§ **ABOUT THIS EXERCISE**:
Extract every line between the one with "Threaded connector for" and the end of the entries, both included, word for word and free of pictures.

§ **Records from a dataset**:
Content starts
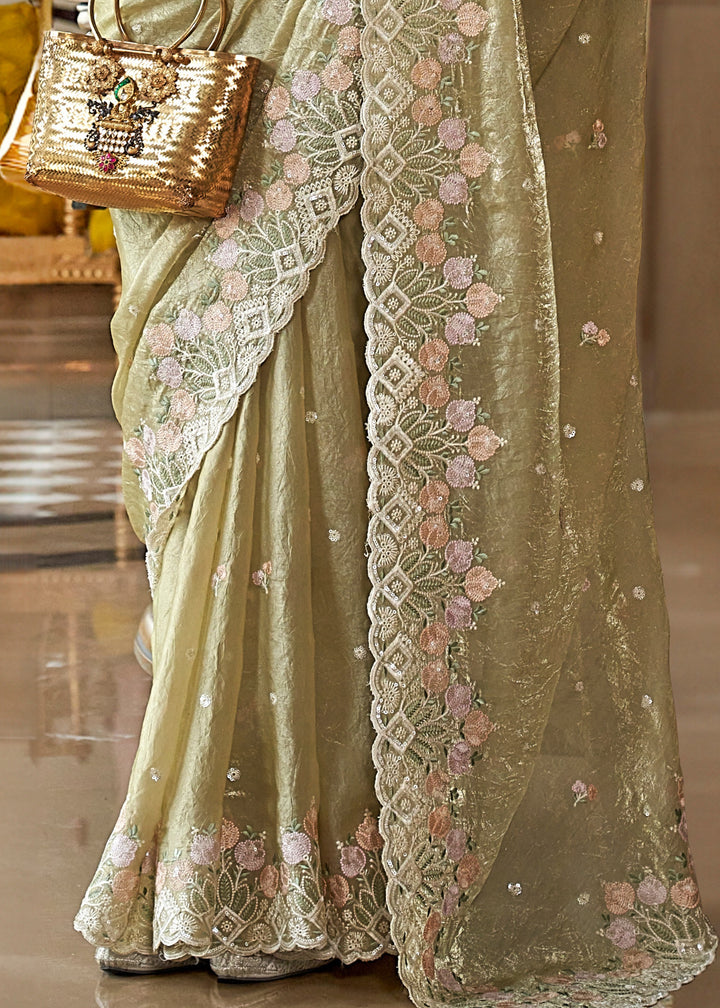 Lime Green Fancy Tissue Saree With Unique Work And Designer Blouse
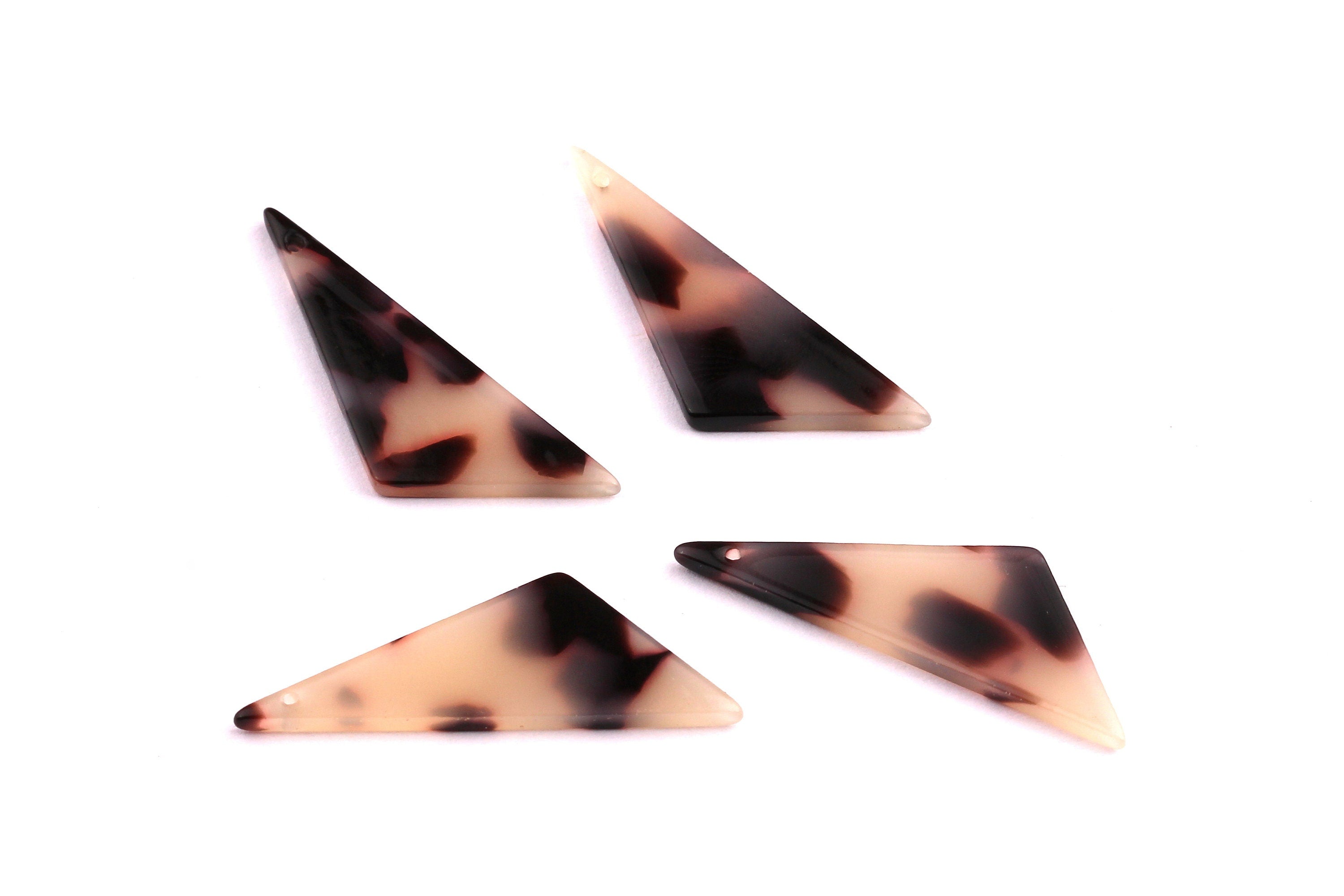 Acetate Triangle Charms - Blonde Tortoise Shell Earrings - Triangle Earrings and Pendant - Color Code: A07 - 32x11x2mm - AC1027L - DOMEDBAZAAR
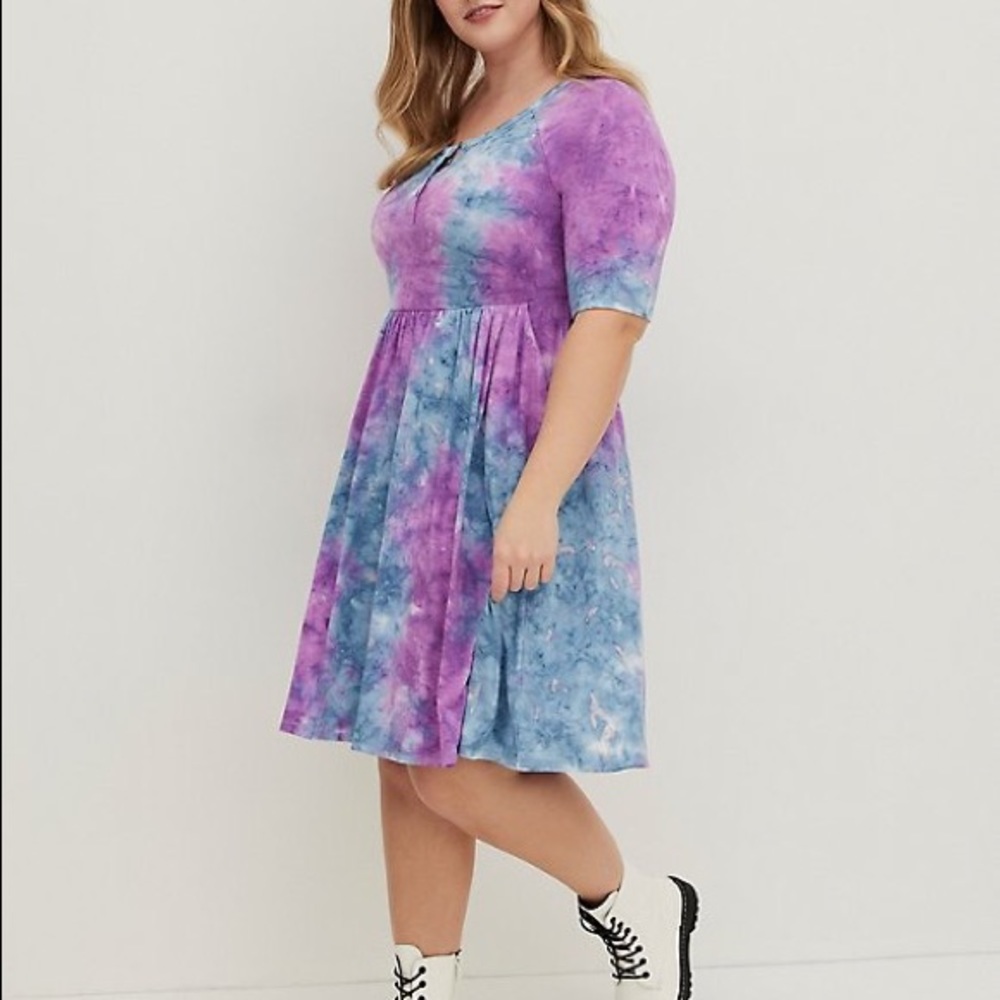 Torrid Raglan Sleeve Tie Dye Skater Dress
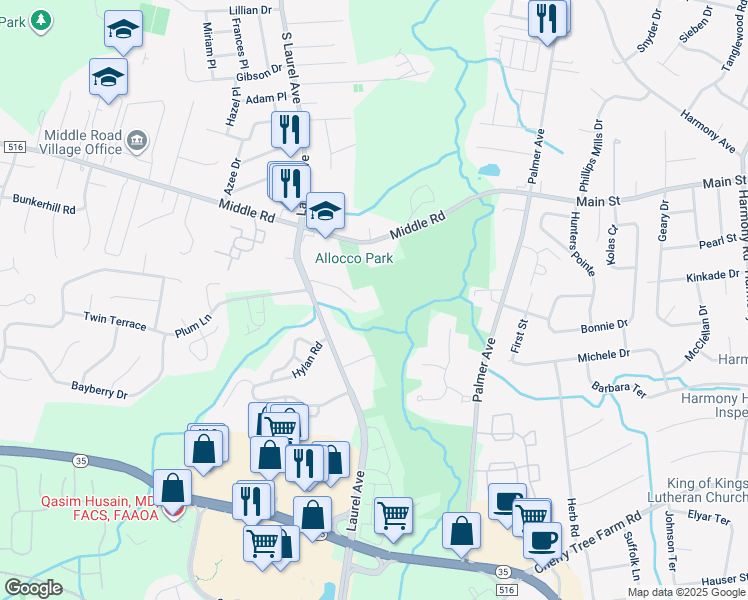 map of restaurants, bars, coffee shops, grocery stores, and more near 82 Agostina Drive in Holmdel
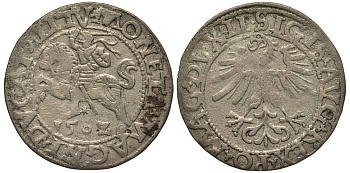 Польша 1/2 гроша 1562 Сигизмунд II Август (1544-1572), вес 1,08 гр. Gum. 602 серебро 1516-1441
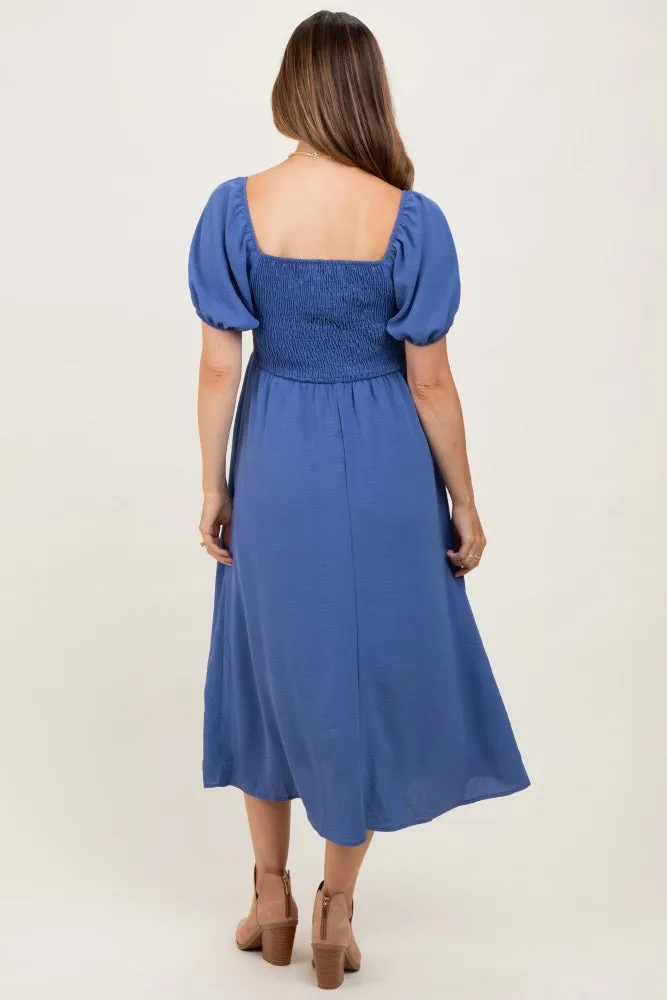 Navy Blue Smocked Square Neck Bow Detail Maternity Midi Dress sold by Pinkblush product image thumbnail 3
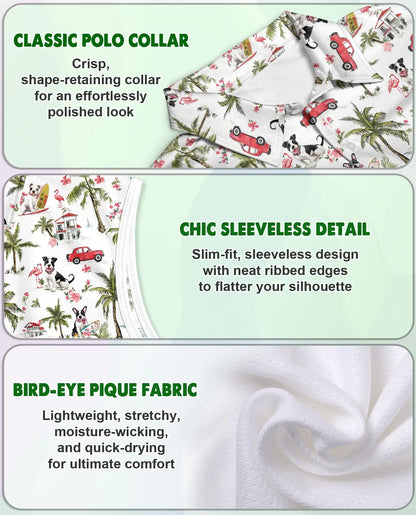 Boston Terrier Tropical Pattern Sleeveless Polo Shirt for Women | Netecom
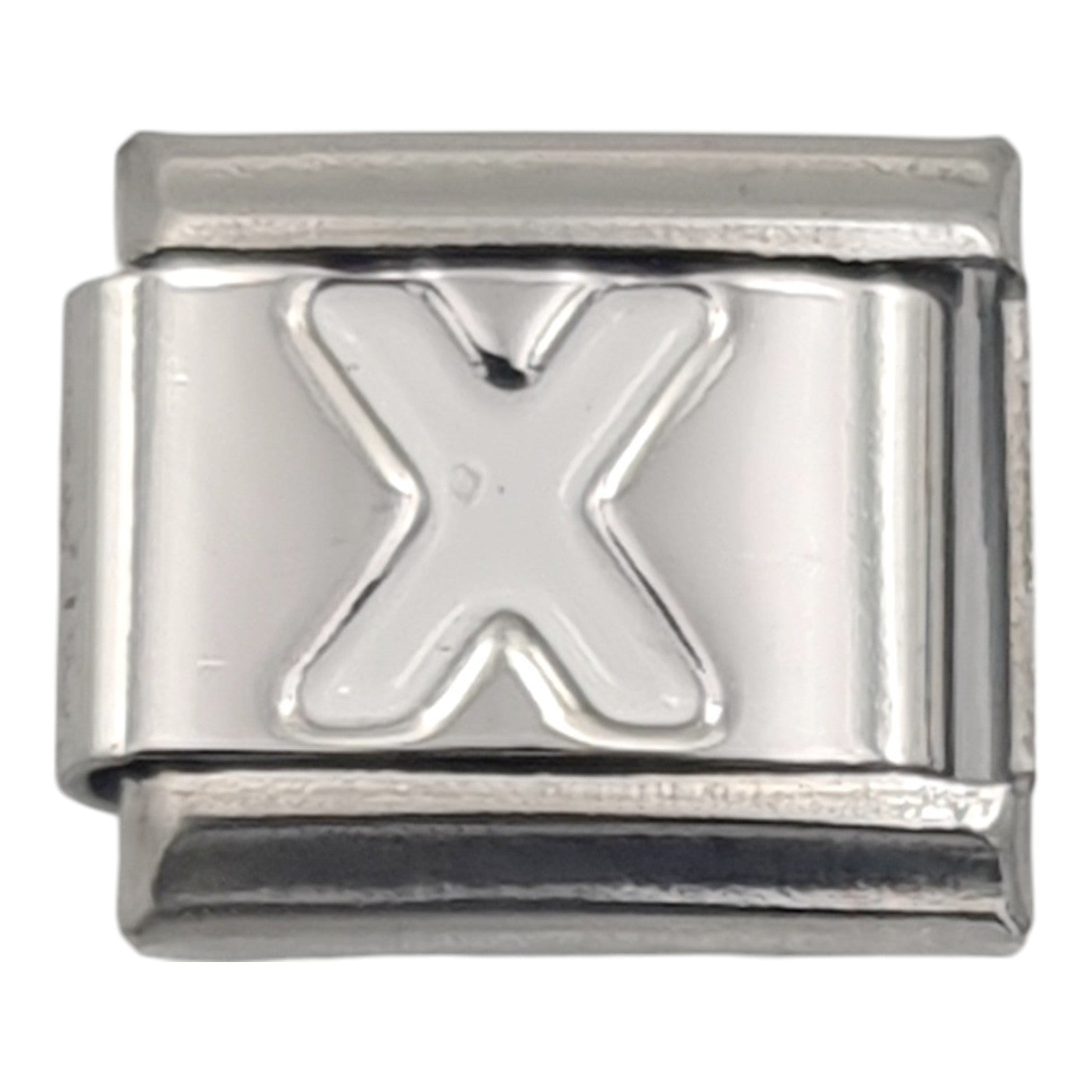 9mm White Letter X Charm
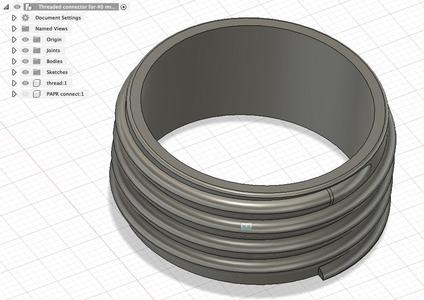 Threaded connector for 40mm insert on respirator mask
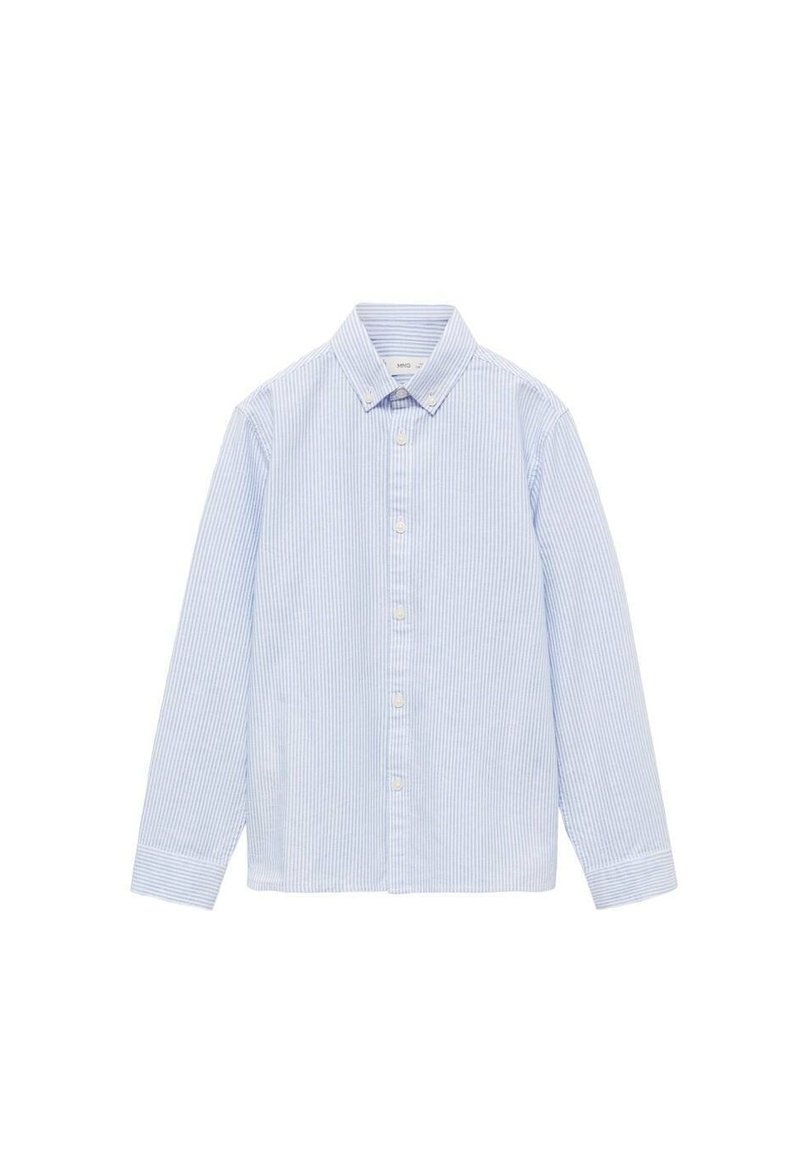 Chemise à manches longues à rayures horizontales bleu clair et blanche, avec un col classique et un ourlet droit. Tissu en coton doux.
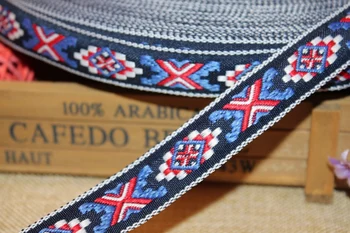 

wide 2cm 10yards/lot Polyester folk style Woven Jacquard Ribbon dark blue geometry pattern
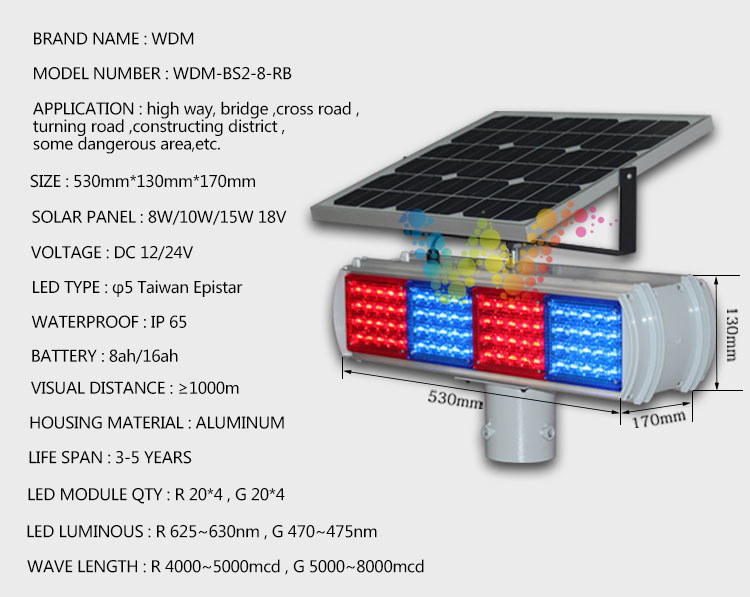 Dual Sides Red Blue Module Traffic Warning Solar Flasing Light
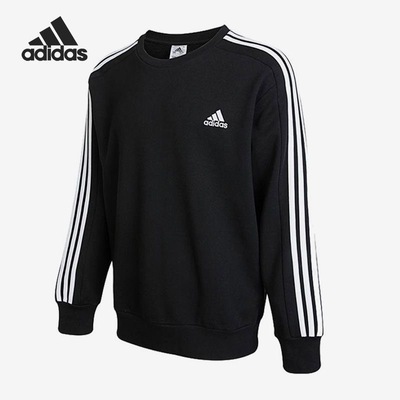 adidas ESSENTIALS Logo刺绣条纹运动休闲男子卫衣 IC9317
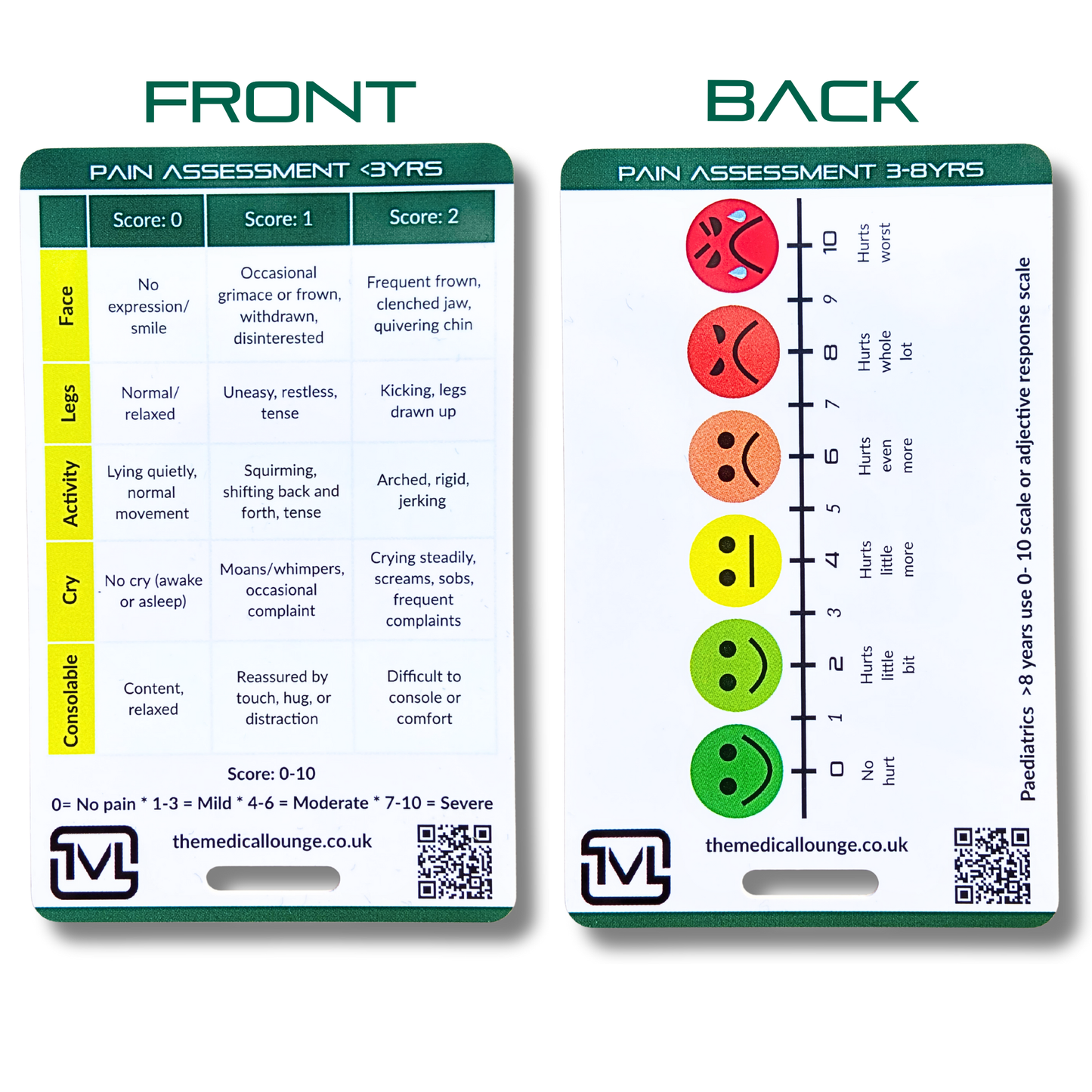 Pain Assessment Pocket Card Bundle – Educational Reference Set for Wong-Baker, FLACC, Abbey Pain Scale, PAINAD, SOCRATES & Adjective Pain Scale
Content ends
§ **SOLUTION TO THIS EXERCISE**:
 Threaded connector for 40mm insert on respirator mask
 Chemise à manches longues à rayures horizontales bleu clair et blanche, avec un col classique et un ourlet droit. Tissu en coton doux.

wide 2cm 10yards/lot Polyester folk style Woven Jacquard Ribbon dark blue geometry pattern
 Dual Sides Red Blue Module Traffic Warning Solar Flasing Light
 adidas ESSENTIALS Logo刺绣条纹运动休闲男子卫衣 IC9317
 Pain Assessment Pocket Card Bundle – Educational Reference Set for Wong-Baker, FLACC, Abbey Pain Scale, PAINAD, SOCRATES & Adjective Pain Scale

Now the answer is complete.